The radiosonde balloon sounding plotted here was launched from Lihue on Kauai (see the top left, labelled as station “91165 PHLI Lihue”). You can see the vertical environmental temperature profile (\(T\)) plotted as the black jagged line on the right. The dew point temperature (\(T_d\)) with height is plotted with the black jagged line on the left. Although this figure may be overwhelming to read at first, we’ll walk through it together. The horizontal axis is temperature in \({ }^{\circ} C\), with temperatures increasing to the right. The vertical axis is air pressure in \(hPa\), decreasing with height, so higher heights are toward the top of the chart. When the \(T\) and \(T_d\) lines are close together, the environment has a high relative humidity and the air is closer to saturation. In this particular sounding, there is a lot of moisture near the surface, but dries out in the mid-levels.

Radiosonde balloons are launched twice a day (\(\text { ooZ }\) and \(12Z\)) from many locations around the world. The latitude and longitude for the station is given in the top of the list on the right where station latitude (SLAT) is given as 21.99 degrees North and SLON is -159.34 degrees West. The station elevation SELV is 30 m. The sounding time and date is given in the bottom left, and the bottom right says “University of Wyoming” because in this particular example, the University of Wyoming is the organization that gathered and archived the dataset. You can find soundings for other locations and dates at this website: http://weather.uwyo.edu/upperair/sounding.html.

Let’s go through the lines one by one.

The horizontal lines on a Skew-T are isobars, or lines of equal air pressure. You will typically see them given in \(hPa\), but the lines in the above figure are in \(kPa\). The isobars have larger spaces as you get toward the top of the diagram because they are logarithmic with height. The evenly-spaced solid lines that slant up and to the right are isotherms, or lines of equal temperature (\(T\)). This allows colder temperatures to be plotted on the diagram.

The dashed lines that run up and to the right are isohumes, or lines of constant mixing ratio. These are typically given in units of g·kg^–1. If you use a Skew-T where these lines are not dashed or color-coded, remember that these are spaced more closely together than isotherms and are more steep. They also do not line up with the temperature labels on the x-axis.

The evenly-spaced curved solid lines that run from bottom right to top left are dry adiabats, and depict the dry adiabatic lapse rate (9.8 K·km^-1). The dry adiabatic lapse rate is considered a constant, but you can see here that over large changes in temperature and pressure, it varies a little.
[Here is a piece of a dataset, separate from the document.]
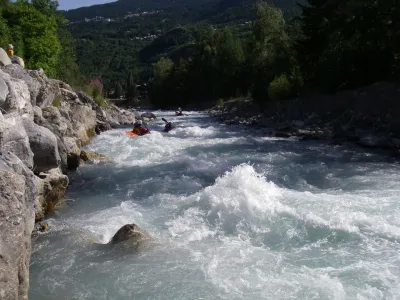 L'arrivée sur Vallouise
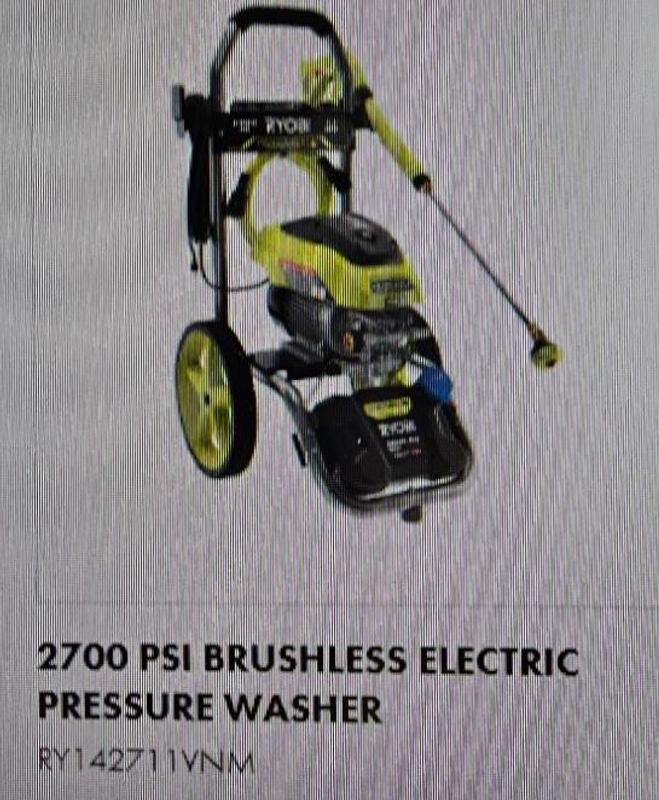 Ryobi 2700 psi pressure best sale washer parts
Don’t worry about these variations—we still consider it a constant. Dry adiabatic lapse rate reference lines are also called lines of constant potential temperature (\(\theta\)). The dry adiabats always curve upward from right to left in a concave way.

The uneven, dashed, lines that curve up and to the left are the moist adiabats. The moist adiabatic lapse rate varies with both temperature and moisture content, but is close to the dry adiabatic lapse rate at high altitudes due to cold temperatures and small moisture content. These lines are parallel to the dry adiabats higher up on the Skew-T Log-P diagram. These are also lines of constant equivalent potential temperature (\(\theta_e\)).

Here is a complete Skew-T Log-P diagram. All of the lines look confusing and complicated when combined, but each represents a constant change in one variable.

Let’s look at another real balloon sounding. This time launched from Hilo during Hurricane Lane.

On this Skew-T diagram, all of the same lines are there. Horizontal blue lines are isobars, slanted blue lines are isotherms, slanted purple lines are isohumes, the green lines are the dry adiabats, and the blue curved lines are the moist adiabats. The \(T\) (right) and \(T_d\) (left) black lines are close together and sometimes overlap in the lowest 500 hPa of the atmosphere because the lower levels are incredibly moist, and a deep cloud layer extended up to nearly 6 km altitude.

Finding the Lifting Condensation Level (LCL)

When plotting a sounding on a Skew-T diagram, you may have a selection of data similar to the example given below. You will likely have pressure, temperature (\(T\)), and a dew point temperature (\(T_d\)) with altitude.

In order to plot the sounding, it is easiest to start by finding the pressure level and then move to the right to plot the temperature and dew point temperature. Pay careful attention to the fact that the isotherms are skewed. Rotate the axis in your mind when you plot your temperature and dew point. Once you have plotted all of your temperatures and dew points, you will have a vertical temperature and humidity profile of the atmosphere.

Now that we plotted the sounding, it is useful to know how a rising air parcel will behave when placed in this environment. Is the atmosphere stable, unstable, or conditionally unstable? We can determine this by estimating the rate at which a rising parcel will cool and drawing a parcel path upward. A rising air parcel will cool at the dry adiabatic lapse rate until it is saturated, after which it will cool at the moist adiabatic lapse rate. How do we know when a parcel will be saturated? First we need to find the Lifting Condensation Level (LCL).

The Lifting Condensation Level (LCL) is the level at which the water vapor in an air parcel that is lifted dry adiabatically will be saturated.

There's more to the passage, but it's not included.